The different types of IRAs available
There are basically four different kinds of IRAs, each with its own advantages. Traditional IRAs and Roth IRAs are opened by individuals, as opposed to Simplified Employee Pension (SEP) and a Savings Incentive Match Plan for Employees (SIMPLE) are made available through employers. Regardless, all IRAs are considered “fully vested.” This means that all contributions and earnings belong to the individual, even those contributions made by their employers.
Why should you convert to a Roth IRA?
Converting to a Roth IRA can be an attractive option, especially if you expect your tax rate to increase in the future. Another benefit is that, when your earnings are too high to allow you to contribute to a Roth IRA directly, you may be able to use a Roth conversion as another means to provide tax free retirement income.
When should I convert to a Roth IRA?
Typically, those whose income is too high to contribute to a Roth IRA in a particular year, but who anticipate being in a higher tax bracket when they retire, benefit the most from converting to a Roth IRA. Something else to consider is how much you intend to convert, in addition to your income for the current year. You need to make sure the combined amount will not result in a substantial tax burden. If the conversion results in placing you in a higher tax bracket or subjecting you to additional taxes then it may not be the best idea.
How the conversion to a Roth IRA is made
The easiest way to convert is by making a direct trustee-to-trustee transfer from one financial institution to another. If you intend to keep the retirement account at the same investment firm, on the other hand, you can request that your traditional IRA be re-designated as a Roth IRA, as opposed to opening a new account. You can do the same thing with a 401(k) or an employer-sponsored plan.
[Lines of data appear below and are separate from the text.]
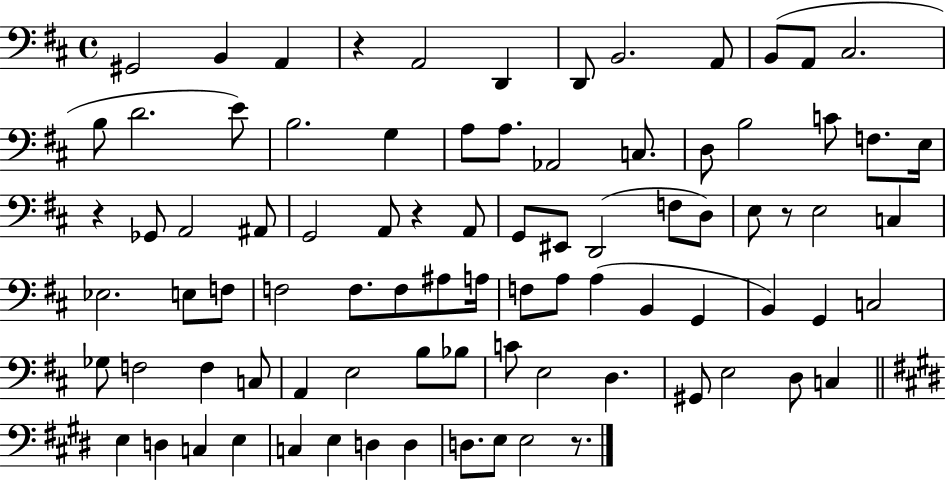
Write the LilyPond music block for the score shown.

{
  \clef bass
  \time 4/4
  \defaultTimeSignature
  \key d \major
  \repeat volta 2 { gis,2 b,4 a,4 | r4 a,2 d,4 | d,8 b,2. a,8 | b,8( a,8 cis2. | \break b8 d'2. e'8) | b2. g4 | a8 a8. aes,2 c8. | d8 b2 c'8 f8. e16 | \break r4 ges,8 a,2 ais,8 | g,2 a,8 r4 a,8 | g,8 eis,8 d,2( f8 d8) | e8 r8 e2 c4 | \break ees2. e8 f8 | f2 f8. f8 ais8 a16 | f8 a8 a4( b,4 g,4 | b,4) g,4 c2 | \break ges8 f2 f4 c8 | a,4 e2 b8 bes8 | c'8 e2 d4. | gis,8 e2 d8 c4 | \break \bar "||" \break \key e \major e4 d4 c4 e4 | c4 e4 d4 d4 | d8. e8 e2 r8. | } \bar "|."
}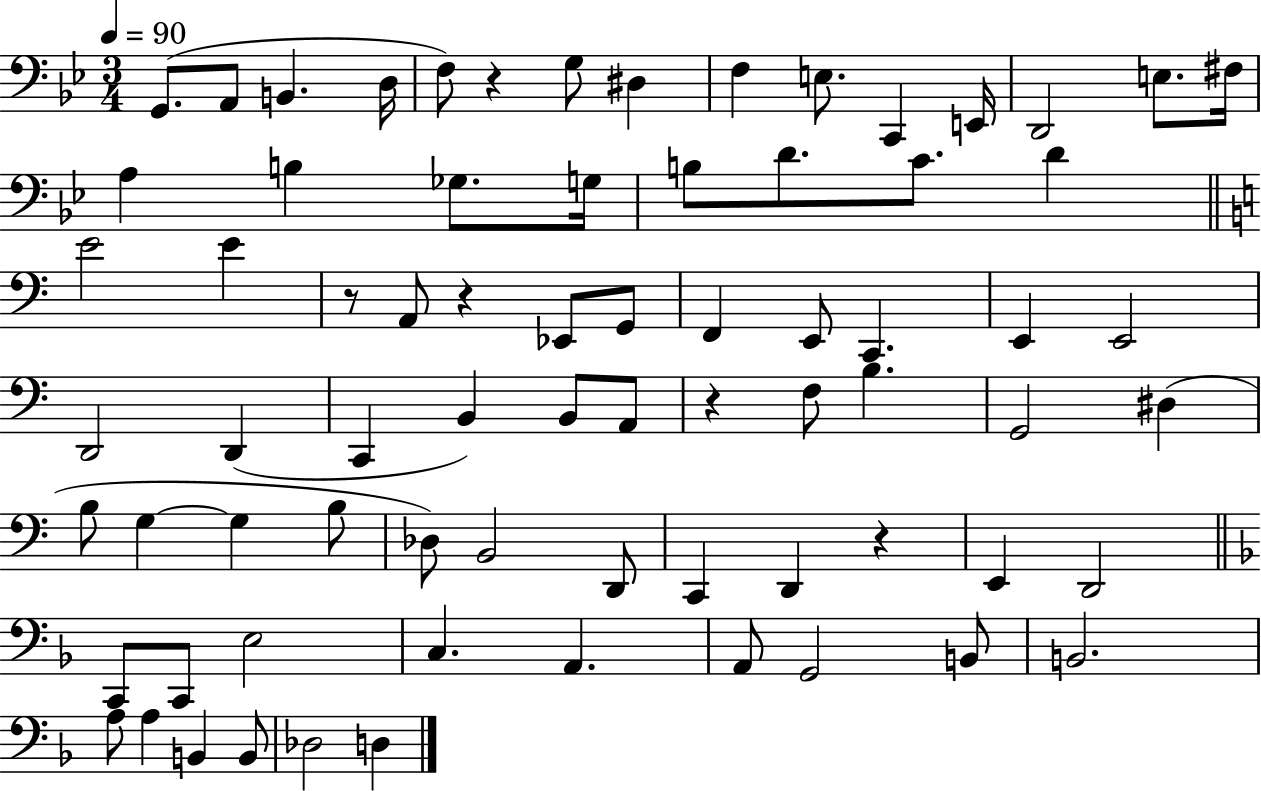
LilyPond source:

{
  \clef bass
  \numericTimeSignature
  \time 3/4
  \key bes \major
  \tempo 4 = 90
  g,8.( a,8 b,4. d16 | f8) r4 g8 dis4 | f4 e8. c,4 e,16 | d,2 e8. fis16 | \break a4 b4 ges8. g16 | b8 d'8. c'8. d'4 | \bar "||" \break \key a \minor e'2 e'4 | r8 a,8 r4 ees,8 g,8 | f,4 e,8 c,4. | e,4 e,2 | \break d,2 d,4( | c,4 b,4) b,8 a,8 | r4 f8 b4. | g,2 dis4( | \break b8 g4~~ g4 b8 | des8) b,2 d,8 | c,4 d,4 r4 | e,4 d,2 | \break \bar "||" \break \key f \major c,8 c,8 e2 | c4. a,4. | a,8 g,2 b,8 | b,2. | \break a8 a4 b,4 b,8 | des2 d4 | \bar "|."
}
However, be sure that the funds are transferred directly from one financial institution to the other.
A few requirements to remember
If you are issued a check for the funds, you are required to withhold 20% of the amount for tax purposes. But, as long as you deposit all of the money, including the 20%, into a new Roth account within 60 days there will be no penalty. If you can’t make the deadline, any funds that are not rolled over in a Roth IRA are subject to the 10% early withdrawal penalty if you are younger than age 59 1/2. The penalty is imposed in addition to the income taxes.
What makes a Roth IRA different?
IRAs have eligibility requirements based on the income of the account holder. In order to make contributions to a Traditional IRA, you must have earned income and be younger than 70 ½-years-old. On the other hand, a Roth IRA only allows contributions by individuals whose income falls within certain limits. Earned income refers to the money you are paid to work, including wages, salaries, tips, bonuses, commissions, and self-employment income.
Different in tax incentives for traditional and Roth IRAs
Traditional IRA contributions are tax deductible on both the state and federal level. The deductions must be made during the year the contribution is made. But, withdrawals made during retirement are taxed at the ordinary income tax rates. Roth IRAs, though, do not offer a tax break on contributions. Instead, the withdrawals and earnings are basically tax-free. In other words, you can avoid taxes when you put money into a traditional IRA, and you avoid taxes when you take money out of a Roth IRA during retirement.